Friday, July 30, 2004

Ralph W. Mathisen

RALPH W. MATHISEN joined the faculty of the University of Illinois at Urbana-Champaign after 23 years at the University of South Carolina, where he was Louise Fry Scudder Professor of Humanities. He is a specialist in the society, culture, and religion of Late Antiquity.

Professor Mathisen recent works include Barbarian Intellectuals in Late Antiquity, a study of the late Roman comedy The Querolus, and the life and letters of Desiderius of Cahors.

He has authored or edited ten books, including People, Personal Expression, and Social Relations in Late Antiquity, 2 vols. (Univ. of Michigan, 2003); Society and Culture in Late Antique Gaul. Revisiting the Sources (Ashgate, 2001) (with D.R. Shanzer); Law, Society, and Authority in Late Antiquity (Oxford Univ. Press, 2001); and Ruricius of Limoges and Friends: A Collection of Letters from Visigothic Aquitania (Liverpool Univ. Press, 1999), and has published over 60 scholarly articles including Valentinian.

He is Director of the Biographical Database for Late Antiquity Project, and a Fellow of the American Numismatic Society. He has also served in a number of capacities for the Byzantine Studies Conference, the American Philological Ass., the Ass. for History and Computing, the Ass. of Ancient Historians, the Classical Ass. of Midwest and South, the Soc. for Ancient Numismatics, the Society for Late Antiquity, and the U.S. National Committee for Byzantine Studies.

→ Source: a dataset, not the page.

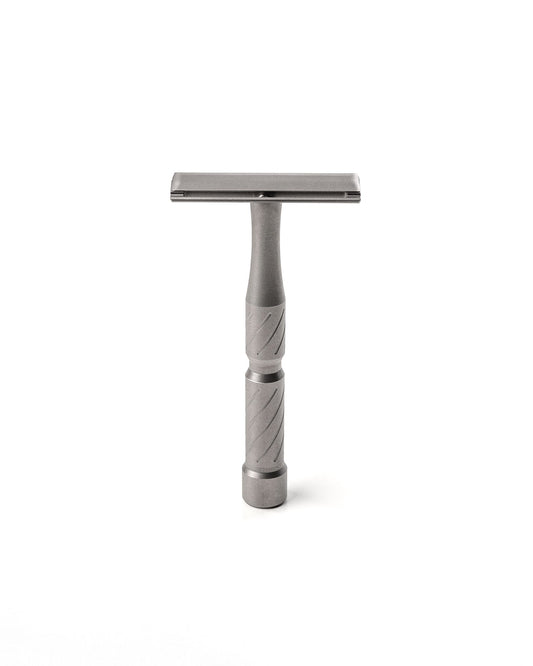 Vector Titanium double-edge safety razor with matte gray titanium finish and diagonal-grooved handle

He maintains the Geography of Roman Gaul website: http://www.sc.edu/ltantsoc/geogmain.htm

He received his Ph.D. from the University of Wisconsin in 1979.

Contact information:
RALPH MATHISEN [ruricius@msn.com]
Department of History, University of Illinois
309 Gregory Hall, 810 S Wright ST, MC-466, Urbana IL 61801 USA
Phone: 217-244-2075 FAX: 217-333-2297

Friday, July 23, 2004

Andrew Wallace-Hadrill

"Andrew Wallace-Hadrill is director of the British School at Rome and Professor of Classics at Reading University. An expert on Pompeii, Professor Wallace-Hadrill was awarded the AIA James R. Wiseman Award in 1995 for his book, Houses and Society in Pompeii and Herculaneum (1994). He has written several other books including, Augustan Rome (1993) and Suetonius: the Scholar and his Caesars (1985)."

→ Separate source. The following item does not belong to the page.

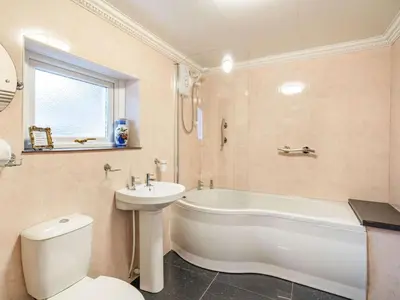 a bathroom with a tub and a toilet and a sink at 2 Bed in Holmrook oc-sz464 in Beckfoot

He is presently director of BSR's Pompeii Project.

"The project aims to take a small slice of the city, a single block of houses or insula, excavated first half a century ago, yet never published, and to see what can be said about it now to cast light on the city, its history and its life. Its three main components are archival research into the original excavation of 1952-3, the artefacts then excavated, recording and analysis of the standing remains, and the excavation of levels below that sealed by the eruption of AD 79."

His work has also served as resource material for such interesting programs as "The Private Lives of Pompeii" produced by Channel 4 and "Roman Empire in the First Century" produced by PBS.

His enthusiasm is so natural and refreshing, its contagious! I even sent an e-mail to The Teaching Company asking them to produce some courses on Rome with Andrew as the professor. I see Andrew produced an excellent article on Pompeii for the BBC website.


Tuesday, July 13, 2004

Kenneth W. Harl

Kenneth W. Harl

"Kenneth W. Harl is Professor of Classical and Byzantine History at Tulane University in New Orleans, where he has been teaching since 1978. He earned his Bachelor's degree from Trinity College and went on to earn his Master's and Ph.D. from Yale University.

Dr. Harl specializes in the Mediterranean civilizations of Greece, Rome, Egypt, and Byzantium. He has published numerous articles and is the author of Civic Coins and Civic Politics in the Roman East, A.D. 180-275 and Coinage in the Roman Economy, 300 B.C. to A.D. 700. He is also a veteran field researcher who has served since 1999 on the Editorial Board of the American Journal of Archaeology."

"Every scholar in the field of Greco-Roman history knows Ken Harl's works on coinage. His ability to explain all manners of social, economic and historic events using coins is a terrific tool to teach students," says Jason Sanchez, a student who accompanied Dr. Harl on one of his guided trips to Turkey.

One of his favorite personnages of Roman history is Julia Domna, the empress of the Serverus Roman Empire, circa 193 C.E.

His latest course for The Teaching Company is Rome and the Barbarians. Other courses he has produced for The Teaching Company is Great Civilizations of Asia Minor and The World of Byzantium.